Voy a ilustrar lo que quiero decir con una anécdota. Un
compañero de Ciencias Naturales puso un examen parcial, de un tema o dos quizás,
no recuerdo, en un grupo de lo que entonces era COU, ahora segundo de
Bachillerato. A los cuatro o cinco días, cuando ya tuvo corregidos los
ejercicios, sorprendió a la clase con un nuevo control, en el que incluyó
exactamente las mismas preguntas que en el primero. Más del 60% de los que
habían aprobado el primero suspendieron el segundo. ¿Qué quiso indagar o demostrar
el profe con tal experimento? Es evidente: sospechaba que eso que los alumnos “se
aprenden” (distingo entre “aprenderse” y “aprender”) para pasar los exámenes, casi
no sirve más que para pasar los exámenes, nada más, y casi nunca promueve una
auténtica formación, que por su propia naturaleza debe tener vocación de
permanencia. Entonces, y dado que los controles o exámenes o pruebas…
constituyen el principal instrumento de evaluación, ¿es posible que un buen
puñado de niños y jóvenes culminen la Secundaria, por ejemplo, desconociendo,
ignorando todo o casi todo lo que se supone que saben, que conocen, porque lo
han estudiado y han aprobado? ¿Es posible que sus boletines de notas o sus
títulos de graduado certifiquen en falso? Muchas veces, repito, me ha dado por
pensar que sí, que resulta posible e incluso probable. No hay más que preguntar
en cualquier grupo de la ESO por los ríos de España o de Europa, o por los
límites de la Edad Media, por la fotosíntesis o por algún escritor del
Renacimiento… Muchos, muchos no sabrán qué decir.
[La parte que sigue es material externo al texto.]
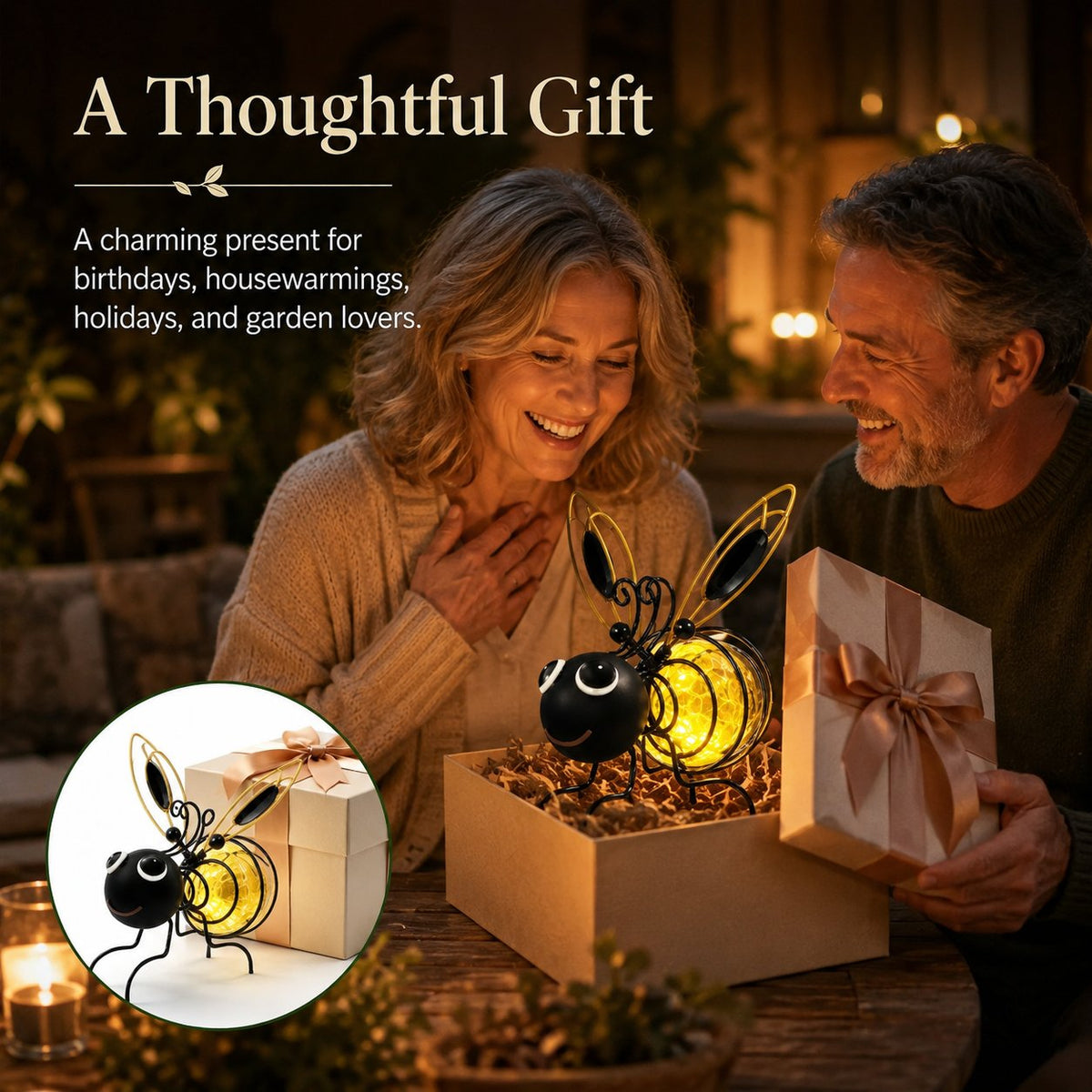 🎁Last day Promotion 🔥-🐝Outdoor Hanging Solar Bee Light for Charming Garden Glow & Whimsical Yard Decor ✨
Pero eso, siendo malo, no es lo peor, sino que sepan bastantes
cosas el día del examen y luego, nada o casi nada, tabula rasa. Porque ahí está
la causa y el efecto de la falsedad e hipocresía, de la perversión que
bastantes días he creído descubrir en el sistema.
Por suerte, hay conocimientos que echan raíces y ni se secan
ni desaparecen de la cabeza de terminados alumnos. Pocos y en pocos niños. No más de los cinco
o seis que le aprobaron de segundas a mi compañero de Ciencias.